Do we have any evidence in hand of the impact on the residential real estate market yet of the recent round of fixed mortgage rate increases undertaken by banks? Yes, we do. From my monthly survey of real estate agents, we can see that investors have run back into the hills. The level of withdrawal from the market is not as great as it was earlier in the year when credit was exceptionally hard to get. But the mild expressions of interest which were appearing in response to first home buyers showing some interest have disappeared anew.
What about first home buyers?
Overall, real estate agents do still say that they are seeing more first time buyers come back into the market looking to make a purchase. But the flow of fresh buyers coming through is much less strong than it was just before the interest rate increases went through.
Both results are validated by my monthly survey of mortgage advisors which is underway at the moment. We can see much more weakness in the level of interest in buying from investors. There has also been a sizeable decline in the level of inquiry coming through from first home buyers.
But like the survey of real estate agents there are still more mortgage advisors saying they are seeing more first home buyers than are seeing less.
So, overall what we can say is that the latest round of increases in interest rates has definitely had an impact in the real estate market.
I can also see that there has been an impact when it comes to household spending
In my monthly spending plans survey a net 28% of people have just said that they plan reducing their levels of spending on things generally over the next three to six months.
This is a deterioration from a net 15% planning cutbacks a month ago. The latest result in fact is the weakest on record. This is very important because it tells us that monetary policy is definitely gaining some traction in the economy.
That is, the interest rate rises which have occurred and especially the most recent round of increases are causing Kiwi householders to pull back on their spending. This is exactly what the Reserve Bank is aiming for when it raises interest rates and it is exactly the sort of thing which can eventually cause businesses to think twice before they put up prices even if their costs have gone up.
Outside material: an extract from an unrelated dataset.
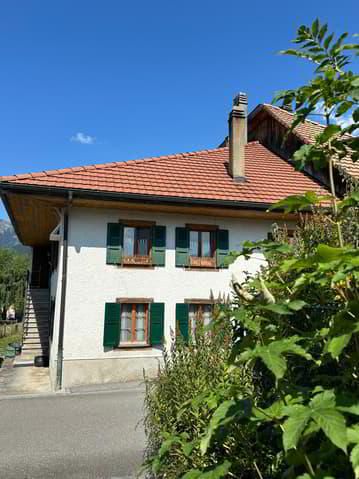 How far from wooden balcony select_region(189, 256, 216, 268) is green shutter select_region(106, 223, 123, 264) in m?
2.34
We are still some way from the Reserve Bank having confidence that inflation is going to head back towards 2%. And central bankers overseas are also noting that although they can see their policy tightenings having an impact they are not yet confident that the job is done.
That means monetary policy here and overseas is going to be tightened further and we cannot rule out another round of probably small increases in fixed interest rates from current levels. The way in which banks are now being openly attacked by politicians in New Zealand suggests that bankers will be far more hesitant in passing on borrowing cost increases to mortgage lending rates than might otherwise have been the case.
For the property market in New Zealand we are still facing into a period of weak sales and falling prices
But I remain of the view that we are in the endgame for this period of decline, but an actual turning upward of the housing market still looks quite a few months away. Maybe in autumn things will start improving with assistance from banks bit by bit easing up their lending criteria.